Ideality means the clock measures the proper time along its trajectory.

Even when restricting to a point, they discuss the need to restrict to phenomena not involving second derivatives, since only the first derivative can be made to disappear at a point.

Fredrik
Staff Emeritus
Gold Member
I haven't worked through all the details, but this is how I think these things should be done. (I'm sure I would want to change some of this if I did know all the details).
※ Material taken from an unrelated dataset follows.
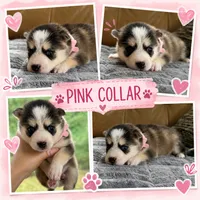 Pink Collar – Girl (Both blue eys), a female Pomsky for sale in Dellroy, OH – 1 of 10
Suppose that we define a "normal coordinate system" associated with a world line C:[a,b]→M, at a point p in the range of C, as a coordinate system x such that

1) its 0 axis coincides with the tangent of C at p,
2) the tangent vectors of the axes at p make up an orthonormal basis of the tangent space at p,
3) if q is a point on the $\mu$-axis, then $x^\nu(q)$ is equal to $\delta^\nu_\mu$ times the proper time/distance along the axis from p to q.
4) $g_{\mu\nu}(p)=\eta_{\mu\nu}$
5) $g_{\mu\nu,\rho}(p)=0$.

Since the definition of a geodesic doesn't involve any second (or higher) derivatives of the metric, any "normal" coordinate system should map all geodesics through p to curves through $0\in\mathbb R^n$ that have zero acceleration at 0. Aren't these exactly the properties that we want a "local Lorentz frame" to have? I expect that it's possible to show that the coordinate system is completely specified by these requirements when spacetime is flat (Edit: Definitely not correct. See #6.), and that there are several possibilities when spacetime is curved. (Riemann, Fermi, etc.)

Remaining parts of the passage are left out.